Although there have been many advancements in healthcare since the publication of the HMPS, patient safety remains a concern, the co-authors wrote. "Over the course of this 30-year interval, care has become more complex, and diagnostic and therapeutic options to treat disease and alleviate human suffering have advanced. The healthcare delivery system itself has changed dramatically with the advent of [electronic health records] and the movement of complex care to ambulatory sites, which has resulted in the most severely ill patients being treated in acute care hospitals. Despite stunning advances in medical science, we still have important gaps in patient safety."

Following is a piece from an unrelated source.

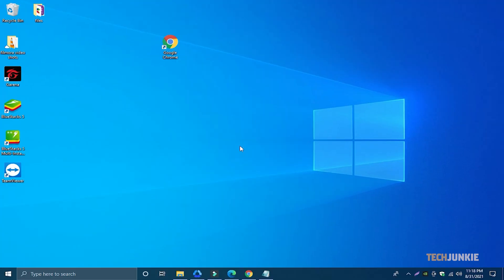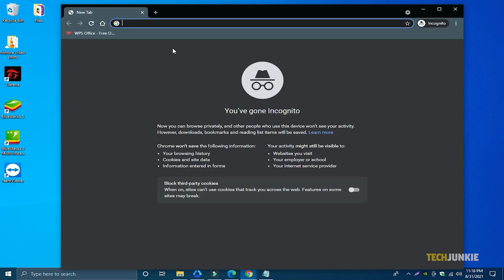And that's all there is to it. Launching Chrome from the shortcut will launch it straight into incognito mode.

Hospitals need to improve methods of identifying and assessing some adverse events, the co-authors wrote. "Measuring adverse events in a reliable and efficient way and developing standard approaches to the identification of and focus on preventable adverse events are critical to supporting persons charged with improving safety. Some types of adverse events, such as health care–associated infections, can be identified much more effectively than others, which suggests a need to improve routine tracking, especially for events such as adverse drug events."
There are several opportunities to improve patient safety, the co-authors wrote. "There is considerable variability among hospitals in adverse event rates, with larger sites having rates of approximately 40% or higher; this finding suggests that if hospitals had data that were more reliable and more routinely collected, it is possible that monitoring could be improved, adverse event rates could be reduced, and improvement strategies could be shared through careful study of interventions. Other key organizational elements such as safety culture and strong leadership with respect to safety and quality are also needed to advance performance."
The new research should be considered a rallying cry, they wrote. "Our findings are an urgent reminder to all healthcare professionals of the need for continuing improvement in the safety of the care we deliver."